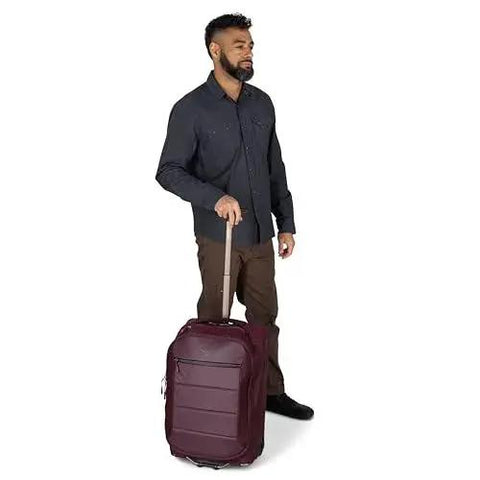 Man holding Ozone 2-Wheel Carry-On Luggage with oversized wheels and telescoping handle from Osprey, in airline-approved cabin size.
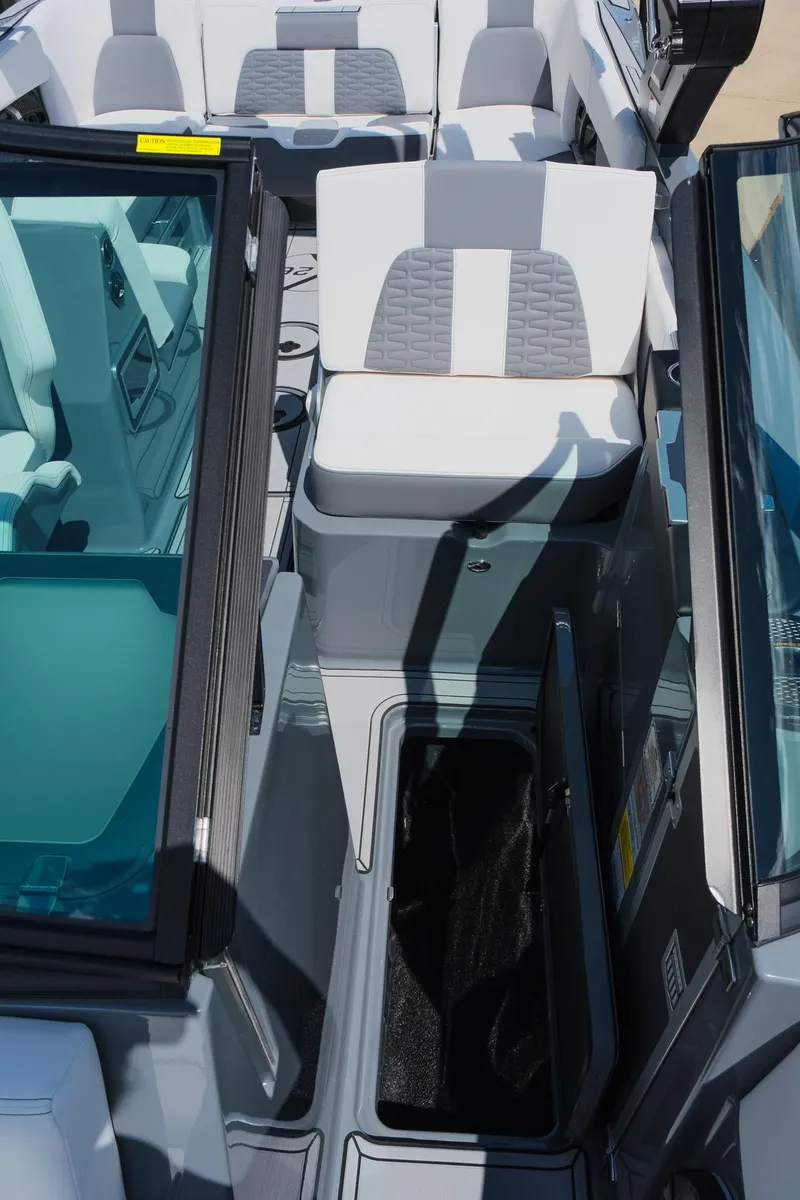Slide: The Image of 2025 MasterCraft X26 boat interior with open storage compartment and seating. - 31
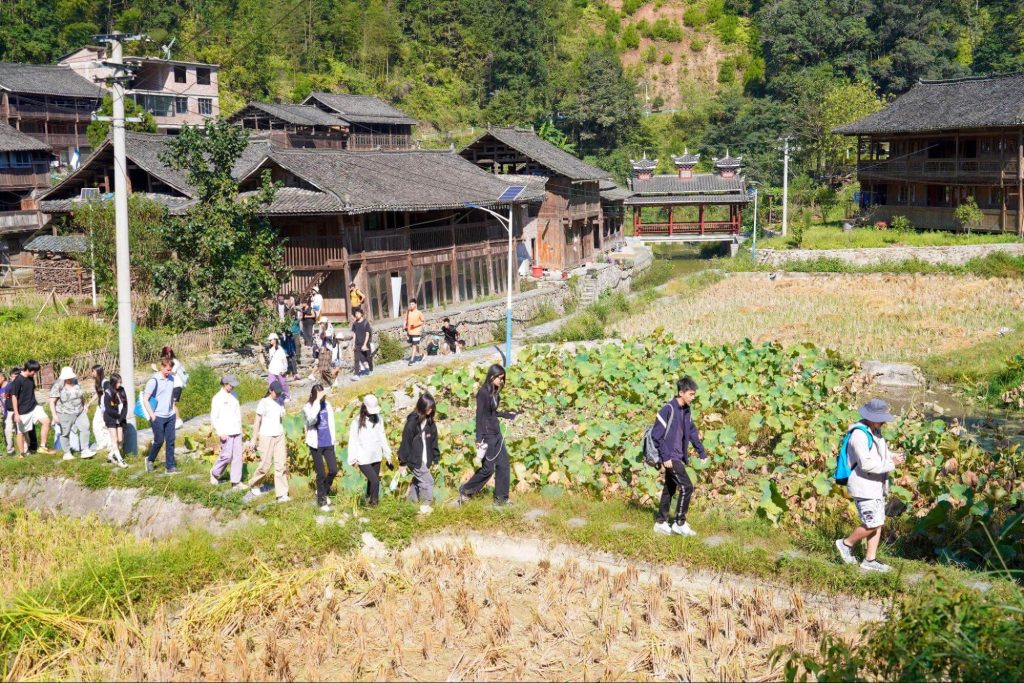 Students exploring terraced farmland and rural landscapes in China.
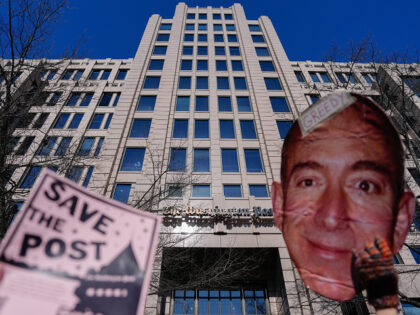 Demonstrators hold a "Save The Post" sign next to a cutout image of Amazon.com Inc. founde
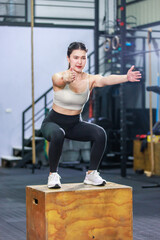 Millennial Asian fit strong muscular female fitness model athlete in sport bra legging and sneakers working out training exercising squatting on wooden box alone in gym full of exercise equipment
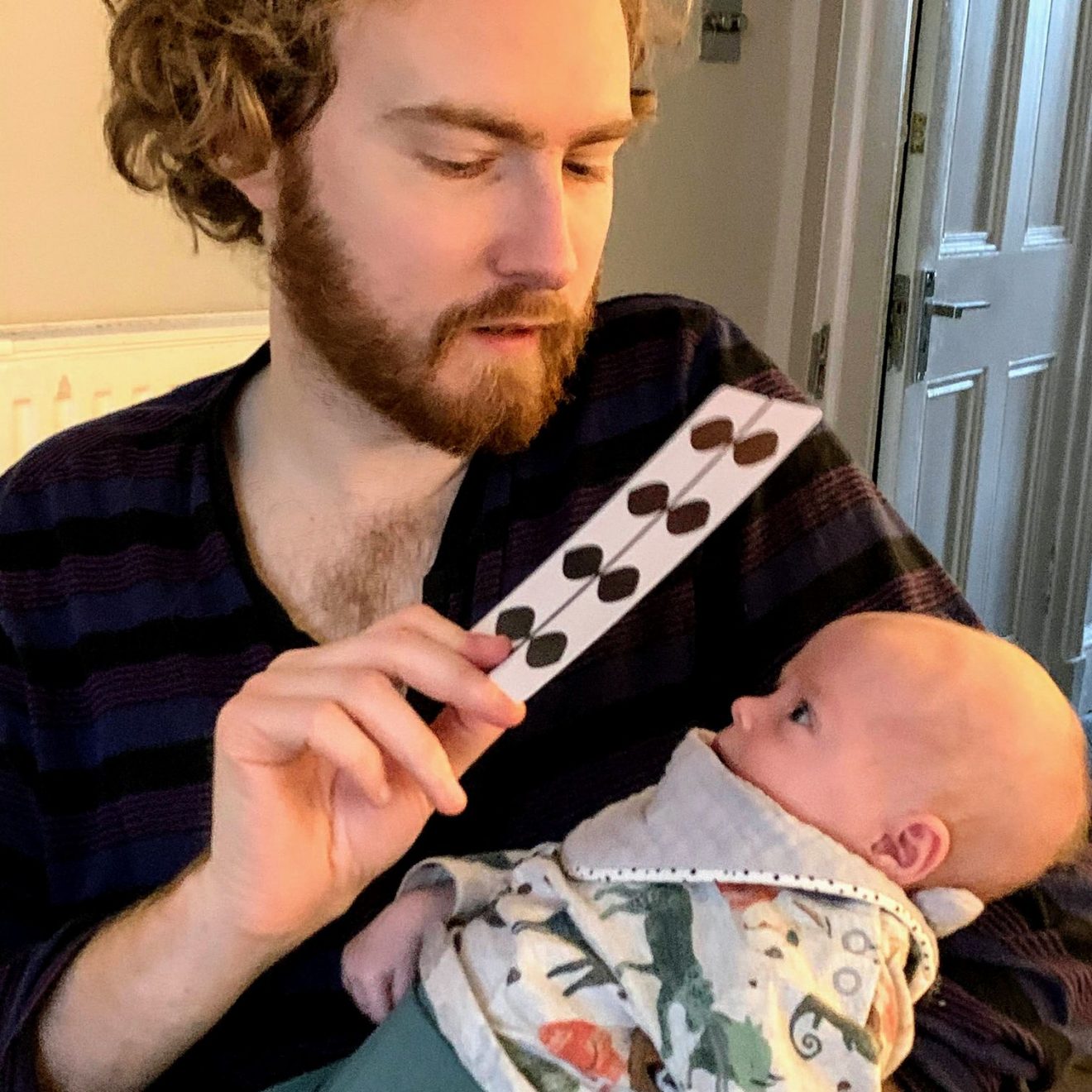 Me showing Izzy a flash card
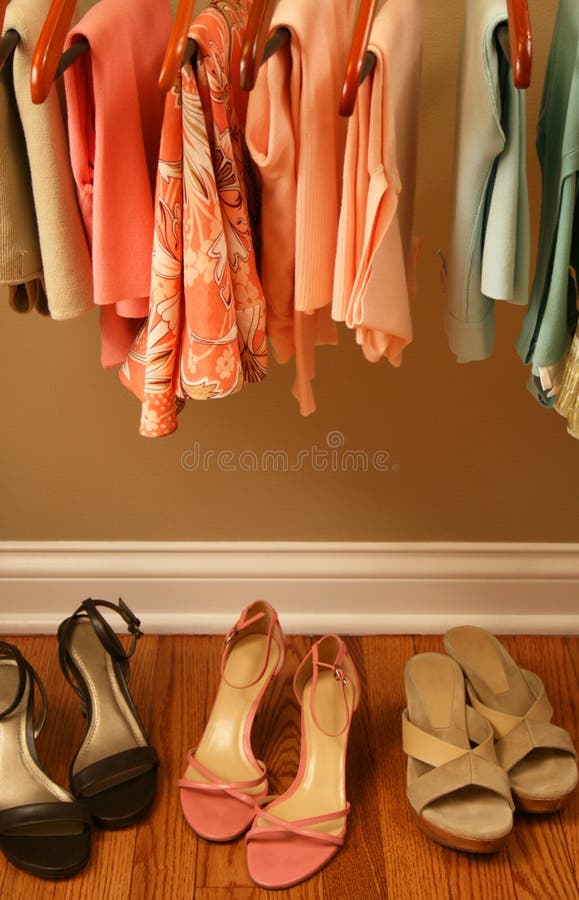 Ladies pastel spring clothing hanging on matching wooden hangers in closet. Ladies pastel spring clothing hanging on matching wooden hangers in closet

**Aim of the exercise**
Word for word, please, restate the lines of the listing from the one holding "Millennial Asian fit" down to the last line, leaving out any pictures.

**Solution**
 Millennial Asian fit strong muscular female fitness model athlete in sport bra legging and sneakers working out training exercising squatting on wooden box alone in gym full of exercise equipment
 Me showing Izzy a flash card
 Ladies pastel spring clothing hanging on matching wooden hangers in closet. Ladies pastel spring clothing hanging on matching wooden hangers in closet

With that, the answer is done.